The economic policy response to the pandemic has been compared to wartime. Coronavirus has changed many things, not least the terms of the debate about government intervention in the economy. The raw numbers speak for themselves.
In Ireland, the initial response consisted of measures that totalled around €24.5 billion. This amounted to 14 per cent of the annual size of the economy, as measured by GNI* – which tries to strip out some of the distortions caused by the multinational sector. The cost has grown as restrictions have been extended. The eventual size of the bill will, of course, depend on how long those restrictions last.
Fourteen per cent (and growing) of your economy is a bill that would have been unimaginable a year ago, particularly as most of it has been borrowed. Most economists would have said that it is a fiscal trick impossible to pull off, at least not without a crisis in government debt markets.
We haven't had a crisis because most of the money was lent to us by the European Central Bank. Depending on which looking glass you use, we are either borrowing from ourselves or printing the money. Or, ultimately, a bit of both.
The UK chancellor, Rishi Sunak, last week made, by my calculations, his 16th fiscal announcement of the pandemic. He called it a budget. It was really just another update (albeit an extensive one) on spending and taxation in the wake of the crisis. Pages of estimates and pure guesses about the future of the UK economy revealed a pandemic bill, so far, reckoned to be £407 billion. That's about 19 per cent of UK GDP. Sunak stated, correctly, that nothing like this has ever been seen, apart from during the two world wars.
So it looks like the UK has been more generous than Ireland. But we are probably not comparing like with like. It is too early to be reaching that kind of judgment. Either way, we are looking at jaw-droppingly large numbers, amounts of borrowed money that have caused barely a flutter of excitement in government debt markets. Until very recently, at least.
Austerity
That wartime comparison was also drawn recently by Ken Rogoff, former chief economist at the International Monetary Fund. During the great financial crisis, Rogoff became famous in certain circles for warning that governments shouldn't allow debt to reach, let alone exceed, 100 per cent of GDP. Such thinking led to the subsequent decade of austerity. Conventional wisdom dictated that debt had to be stabilised and preferably reduced.
Rogoff recanted this week, Well, sort of. He admitted that his 100 per cent warning was, in reality, just a rule of thumb for normal times. Recognising just how abnormal current circumstances are, he suggested that today’s priority should be spending on pandemic relief and, I think, trying to grow your way out the problem.

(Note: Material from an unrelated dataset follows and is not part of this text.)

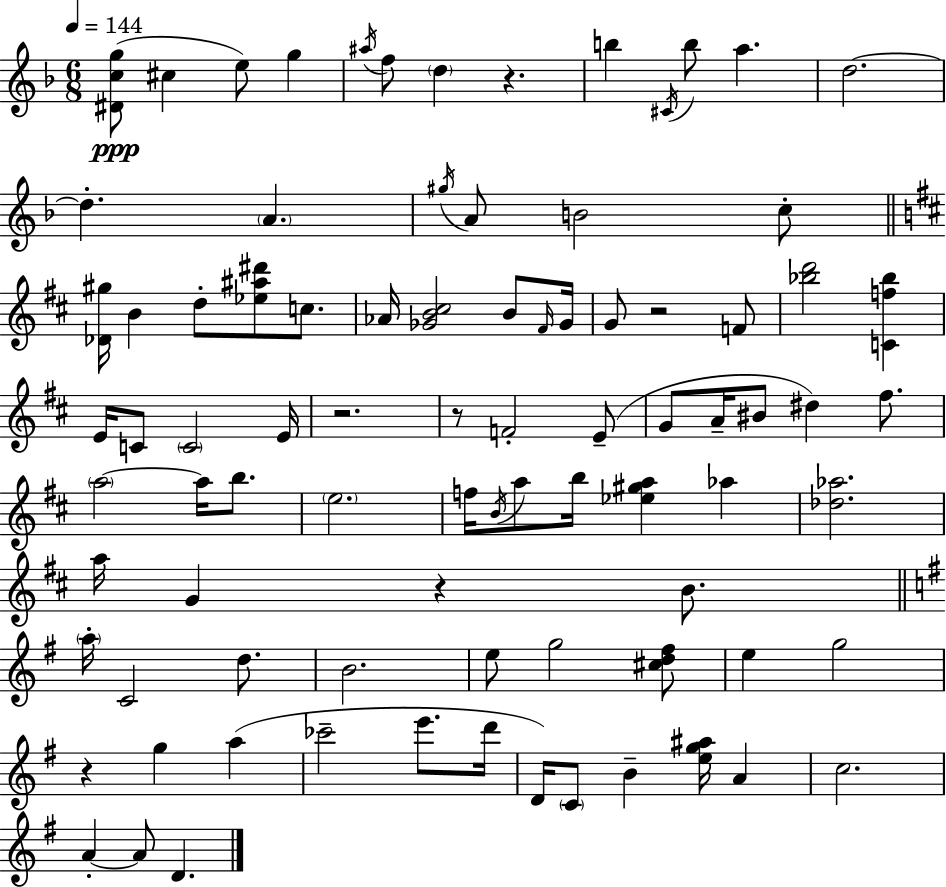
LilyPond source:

Debt-to-GDP is a ratio. All we have are Rogoff-style rules of thumb about what is sustainable – or not. Economics provides zero precision about the right ratio. Austerity was about managing down the numerator: that focus on borrowing. The current crisis means that we should focus on the denominator: get growth up.
Gloomy outlook
It’s a point of view not shared by Sunak. He presented a gloomy outlook for the UK economy and did nothing about that outlook: the pandemic will leave permanent scars. In the short term, he extended supports and reliefs until September. For the medium term all that awaits the UK are tax hikes and spending cuts. It was, said Simon Wren-Lewis, professor at Oxford, an austerity budget resonant of the Cameron-Osborne years.
Sunak laid claim “to levelling with the British people”. He didn’t. He should have said that we have little idea about where the economy will be in the years following the pandemic’s end and that he will act appropriately when we do know.
If anyone believes he means to raise taxes and slash spending in the run-up to the next general election, I have a bridge to sell them. He should have said that all the forecasts, slavishly followed by all of the media, will all be wrong.
Sunak said nothing about Brexit costs, the green economy or the social care crisis. There was no extra money for frontline workers. He did nothing for the UK’s rate of economic growth. It was all about the numerator, not the denominator.
The Economist newspaper this week called for a post-pandemic rewrite of the social contract. Sunak’s response was a big raspberry.
If Paschal Donohue is looking for pointers about what to do in a post-crisis world he should not take any cues from the UK. Sunak got it wrong and revealed a mindset unmoved by the seismic changes wrought by the pandemic. A century ago Keynes wrote prophetically about the postwar fiscal settlement and the awful consequences of wrong-headed orthodoxy. He would marvel about how little has changed.
Pandemic relief is one thing, the next is growth. The US is where all of the new thinking – and action – is going on. The bet – not without risks – is that we have to focus on the denominator.
Bond markets may or may not in future be so quiescent but much power here lies in the hands of the ECB. Growing our economies – and that social contract rethink – are the mammoth tasks that await.